I am currently working with the DHARMa package and I was looking at the explanations of how the residuals are simulated (https://cran.r-project.org/web/packages/DHARMa/vignettes/DHARMa.html):

  1. Simulate new response data from the fitted model for each observation.

  2. For each observation, calculate the empirical cumulative density function for the simulated observations, which describes the possible values (and their probability) at the predictor combination of the observed value, assuming the fitted model is correct.

  3. The residual is then defined as the value of the empirical density function at the value of the observed data, so a residual of 0 means that all simulated values are larger than the observed value, and a residual of 0.5 means half of the simulated values are larger than the observed value.

However, I do not fully understand this. For example, how can one simulate new response data from a fitted model? Does it assume the errors are distributed according to the family specified in the glm and create new response data from this? Does it also use the data the model was fitted on? Then in point 2, what do they mean with each observation? Do they mean for each observation in the dataset each new response variable and their explanatory variables? Is the cdf created using the error distribution?

Hopefully someone can explain a bit more elaborately to me how these residuals are created!

Best Answer

One way to try to understand this is to try to make a simple example. But first, let us clear up your doubt in

For example, how can one simulate new response data from a fitted model? Does it assume the errors are distributed according to the family specified in the glm and create new response data from this?

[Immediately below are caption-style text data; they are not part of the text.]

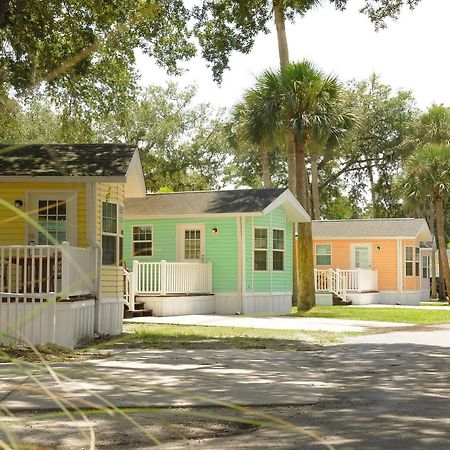 Tropical Palms Resort & Campground 키시미 외부 사진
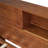 Full Size Wooden Daybed With 3 Storage Drawers, Upper Soft Board, Shelf, And A Set Of Sockets And Usb Ports-617328332-617328334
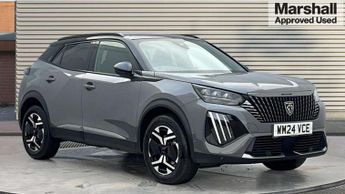 Peugeot 2008 1.2 Hybrid 136 GT 5dr e-DSC6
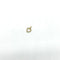 Pendentif Pendentif cœur en or jaune 18 carats et diamants 58 Facettes Z15B51681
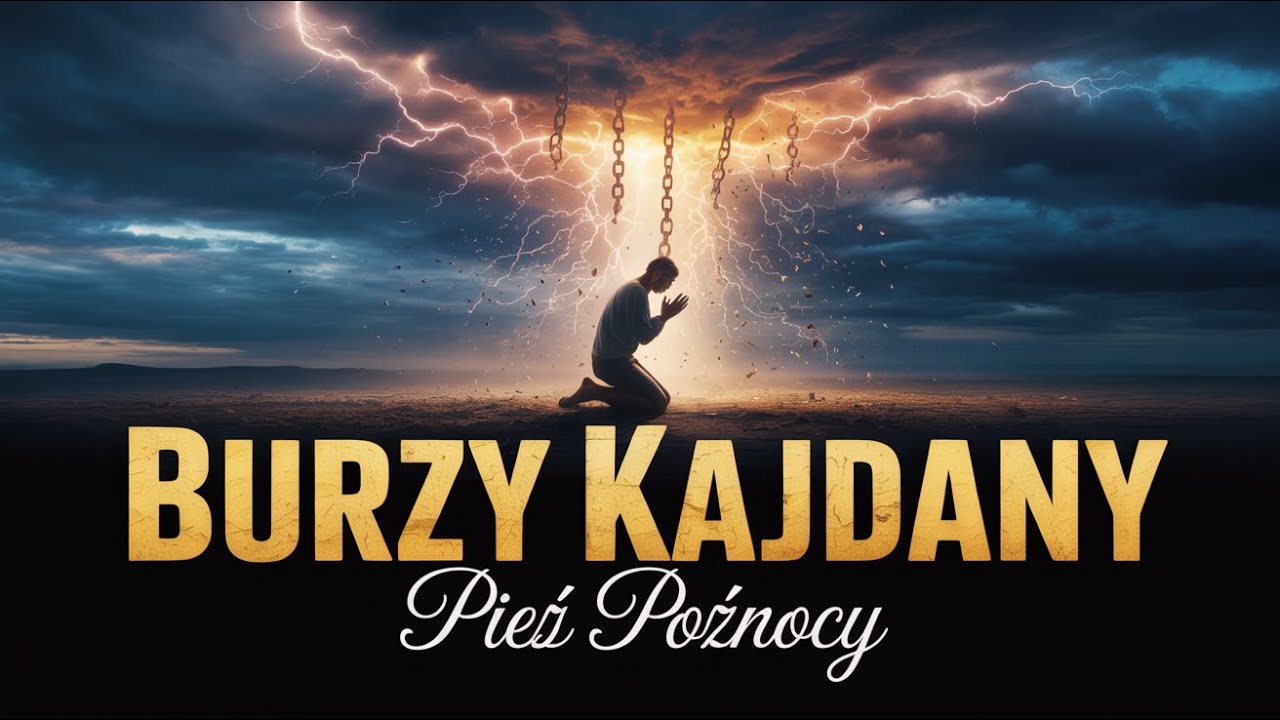 Niebo burzy kajdany modlitwą o północy | Pieśń północy – Psalm 108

One does exactly as is done in parametric bootstrapping, assuming that the fitted model is the true one, replacing the unknown parameters with the fitted values. So, with a normal (Gaussian) family, we assume normal errors, with a Poisson family we simulate response values from a Poisson distribution, and so on.

A simple example, with code in R. Let us first simulate some data:

set.seed(7*11*13) ### My public seed

x <- rep(1:10, 2)
y <- 1  +  0.5 * x  +  rnorm(x, 0, 2)
mod <- lm(y  ~ x)
intercept <- coef(mod)[1]; slope <- coef(mod)[2]
sigma <- summary(mod)$sigma
### Then we can simulate responses,  as in 
#### parametric bootstrapping:
ystar <- intercept  +  slope*x  +  rnorm(x, 0, sigma)
### Then this would have to be repeated many times!

To repeat, this is really parametric bootstrapping!

Then we can program the tree steps of the algorithm you reference as a simple R function, which will work for linear models (lm) and glm (generalized linear models) objects. The DHARMa package must be more complicated, as it works for many other model types. Making a minimal code can be a good way to understand an algorithm, as usual working code as that in the DHARMa package might be difficult to read, as such code is often dominated by error checks, guards and strange border cases. No such distractions below:

sim_res <- function( model,  B, seed) {
    ystars <- simulate(model, nsim=B, seed=seed)
    # step 1
    y <-  model.response(model.frame(model))
    N <- NROW(ystars)
     my_ecdf <- function(data) {
        function(y) sum( data <= y)/length(data)
     } ### using systen ecdf gives error I do not understand  
    simres <- rep(as.numeric(NA), N)
    for (i in seq_along(simres)) {
        efun <- my_ecdf( ystars[i, ] ) # step 2
        simres[i] <- efun( y[i] )      # step 3
    }
    return( simres )
}     

Hopefully, this code should clarify your doubts:

Then in point 2, what do they mean with each observation?

The loop in the code goes through the dataset, for each observation $y_i, i=1, 2, \dotsc, N$ it takes the $B$ simulated (bootstrapped) responses, stored in row $i$ in object ystars, calculates its ecdf (empirical cumulative distribution function), and then applies this function to the actual observation $y_i$.

Is the cdf created using the error distribution?

The cdf is created using the simulated responses.